Forty thousand North Carolina pre-school children, and counting, are waiting to have an opportunity to get in day care.

This is not because there are not enough spaces; it is because there are not enough government subsidy dollars to buy them a space.

These are children whose parents cannot afford the cost of monthly day care.

Many of them need to work two and three jobs just to provide the basics; expensive daycare is not in their budget.

Furthermore, without day care, their limited incomes shrink because they need to stay home with the children.

Many of these children fall in the high-risk category for failure.

Sure, we have More at Four and Smart Start, but that is not early enough for many children.

They need more and need it earlier.

I am perplexed by the lack of state and national governmental concern about this need.

In North Carolina, we presently know the names of 40,000 small innocent children who will very likely become our high-school dropouts and occupy our prison beds 15 to 20 years from now.

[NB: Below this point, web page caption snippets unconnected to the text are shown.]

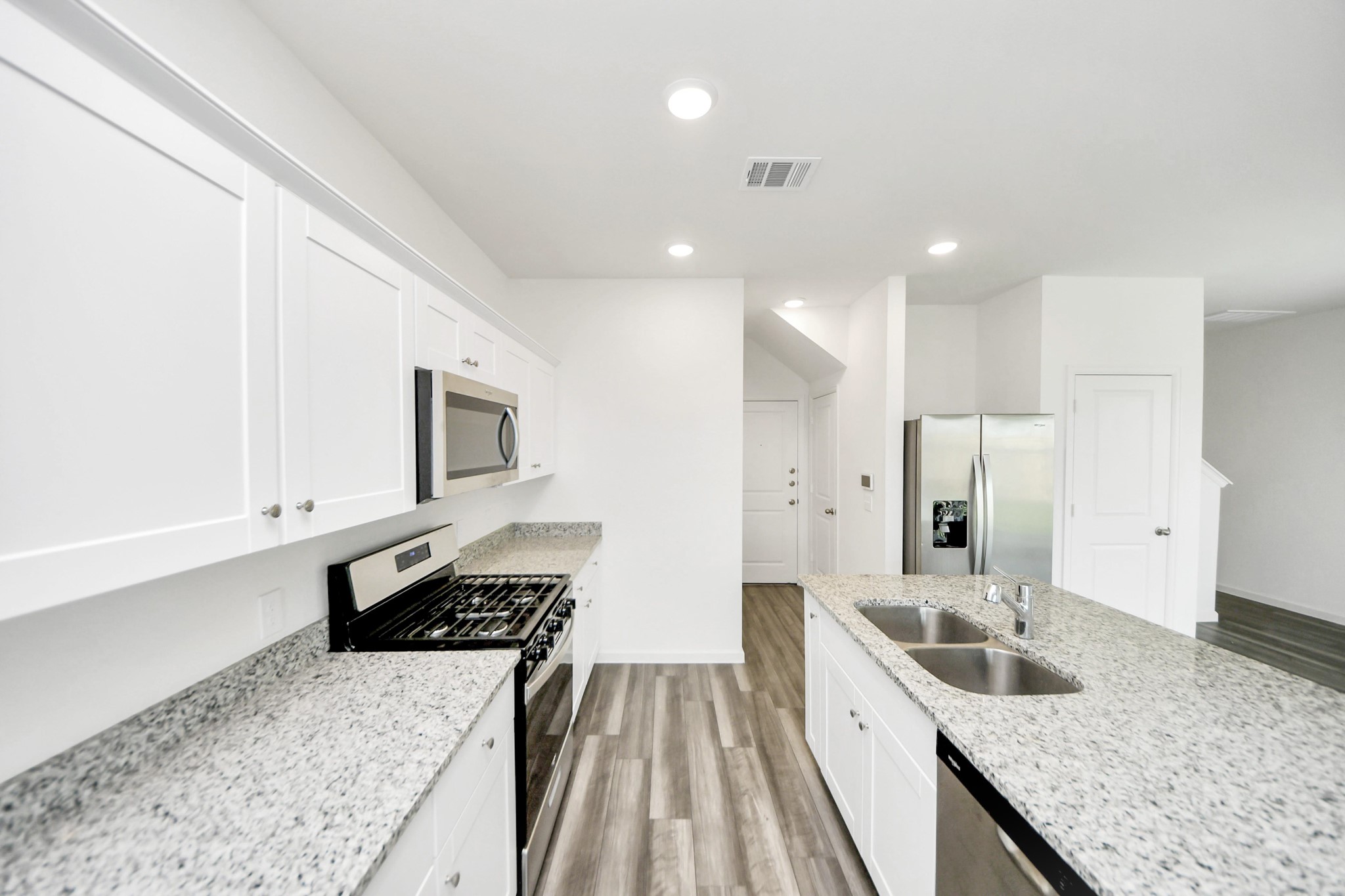 10303 Rose Mar Drive, Unit B Rosharon, TX 77583 - Photo 14 of 49 a large kitchen with a stove and a sink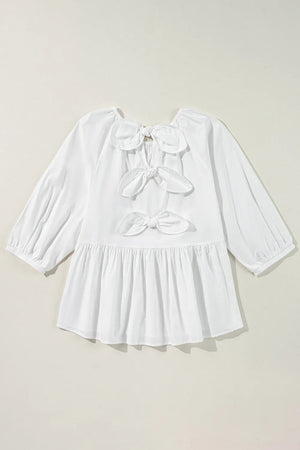 White babydoll blouse with back bow details and peplum hem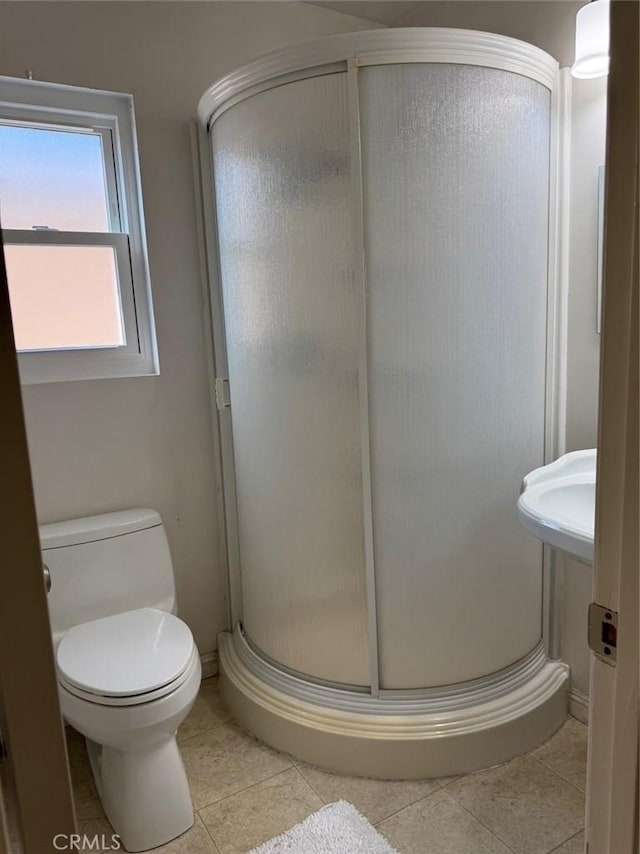 344 Ultimo Ave, Long Beach, CA 90814 - bathroom with toilet, a shower stall, and tile patterned flooring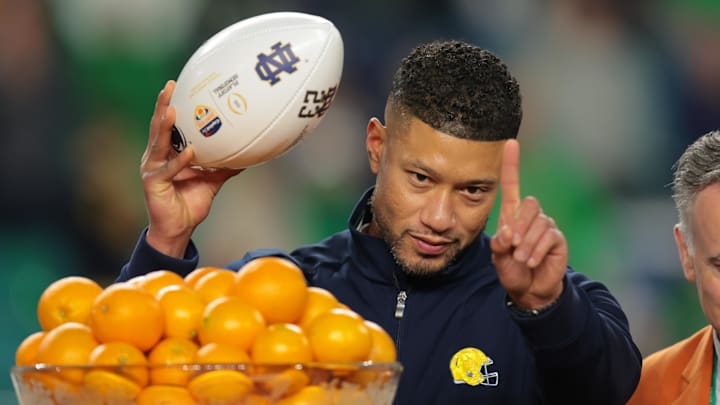 (EDITORS NOTE: caption correction) Jan 9, 2025; Miami, FL, USA; Notre Dame Fighting Irish head coach Marcus Freeman celebrates defeating the Penn State Nittany Lions  in the Orange Bowl at Hard Rock Stadium. 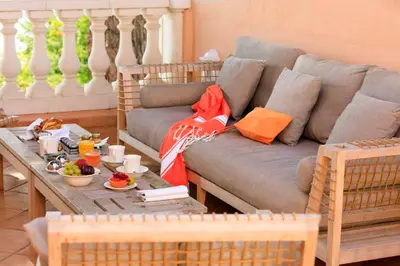a living room with a couch and a table with food at Hôtel Les Mouettes - Teritoria in Ajaccio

As we continue to wrestle with how to reduce dropout rates and overcrowded prisons, I suggest we start with one thing immediately – day care for everyone who wants it, regardless of their ability to pay.

While our elected officials are discussing what should be done, time is a wasting.

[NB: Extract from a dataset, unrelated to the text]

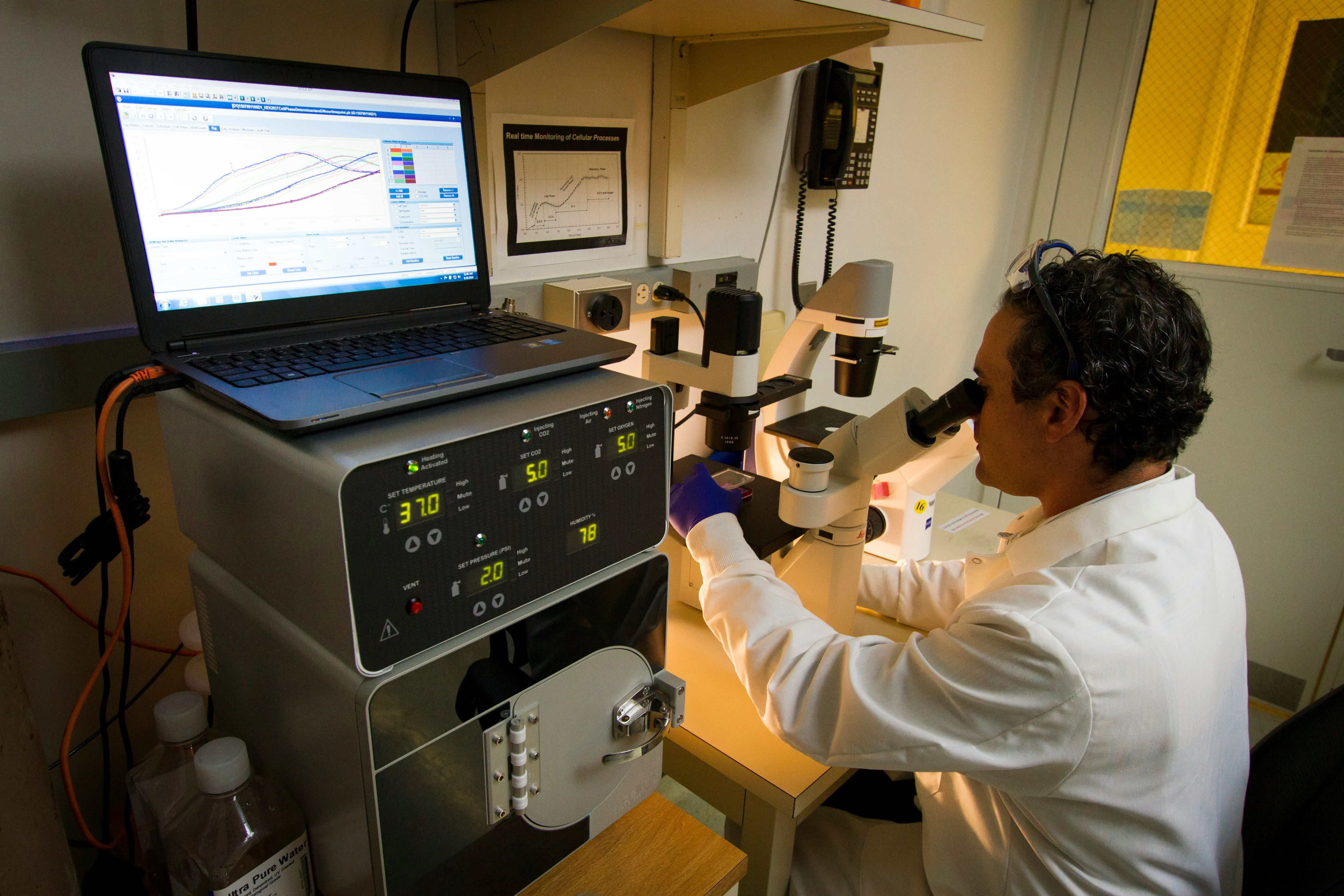 Seth Brodie at a microscope beside a live-cell imaging system, National Cancer Institute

Kids are losing their opportunity for success before they even have the chance to fail.

Long-term, providing a day-care subsidy is a much cheaper and more humane fix for our high-risk children who are heading toward failure.

Policymakers have the power to alter that path so that all children have the opportunity to head toward success.


Barbara Goodmon is president of the A.J. Fletcher Foundation, which publishes the Philanthropy Journal to support the mission of the Foundation and its grantees.